::: DATA PROVIDED

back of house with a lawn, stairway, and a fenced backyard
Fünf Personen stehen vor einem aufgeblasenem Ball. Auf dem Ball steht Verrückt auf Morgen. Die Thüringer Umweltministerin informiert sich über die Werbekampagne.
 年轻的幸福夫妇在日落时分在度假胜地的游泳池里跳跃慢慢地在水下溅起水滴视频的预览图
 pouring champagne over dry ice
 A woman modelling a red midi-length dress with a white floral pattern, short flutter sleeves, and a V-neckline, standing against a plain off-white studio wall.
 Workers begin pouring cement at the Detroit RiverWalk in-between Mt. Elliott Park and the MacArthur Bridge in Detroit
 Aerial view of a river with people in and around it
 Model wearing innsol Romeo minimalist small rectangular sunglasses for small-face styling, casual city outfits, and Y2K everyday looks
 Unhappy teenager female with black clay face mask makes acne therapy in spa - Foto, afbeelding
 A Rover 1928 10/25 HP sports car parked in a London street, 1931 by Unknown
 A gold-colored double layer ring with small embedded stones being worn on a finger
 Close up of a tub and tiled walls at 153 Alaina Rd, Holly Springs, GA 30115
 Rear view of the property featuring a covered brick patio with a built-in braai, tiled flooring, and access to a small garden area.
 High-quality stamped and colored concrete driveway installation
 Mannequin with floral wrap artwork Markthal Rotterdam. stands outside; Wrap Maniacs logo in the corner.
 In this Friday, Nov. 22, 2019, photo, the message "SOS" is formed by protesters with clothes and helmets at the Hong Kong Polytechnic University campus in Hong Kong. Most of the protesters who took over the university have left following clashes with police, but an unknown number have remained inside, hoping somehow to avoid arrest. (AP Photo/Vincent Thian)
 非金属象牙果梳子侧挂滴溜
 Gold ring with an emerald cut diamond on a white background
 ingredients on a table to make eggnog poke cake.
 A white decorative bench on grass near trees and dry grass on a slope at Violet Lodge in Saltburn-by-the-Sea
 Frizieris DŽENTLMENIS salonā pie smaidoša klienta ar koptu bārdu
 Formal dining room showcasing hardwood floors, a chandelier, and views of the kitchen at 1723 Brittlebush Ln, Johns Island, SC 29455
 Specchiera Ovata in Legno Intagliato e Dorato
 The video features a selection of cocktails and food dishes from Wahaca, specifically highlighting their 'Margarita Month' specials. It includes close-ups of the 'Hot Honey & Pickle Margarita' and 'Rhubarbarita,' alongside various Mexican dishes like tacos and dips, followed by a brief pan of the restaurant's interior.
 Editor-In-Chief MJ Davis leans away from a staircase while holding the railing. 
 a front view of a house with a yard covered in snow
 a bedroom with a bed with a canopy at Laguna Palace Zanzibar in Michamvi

::::::

* WHAT YOU WILL DO
Set down only the lines running from the line with "Editor-In-Chief MJ Davis" to the end of the entries above, both included, exactly as they stand.

* TASK RESPONSE
 Editor-In-Chief MJ Davis leans away from a staircase while holding the railing. 
 a front view of a house with a yard covered in snow
 a bedroom with a bed with a canopy at Laguna Palace Zanzibar in Michamvi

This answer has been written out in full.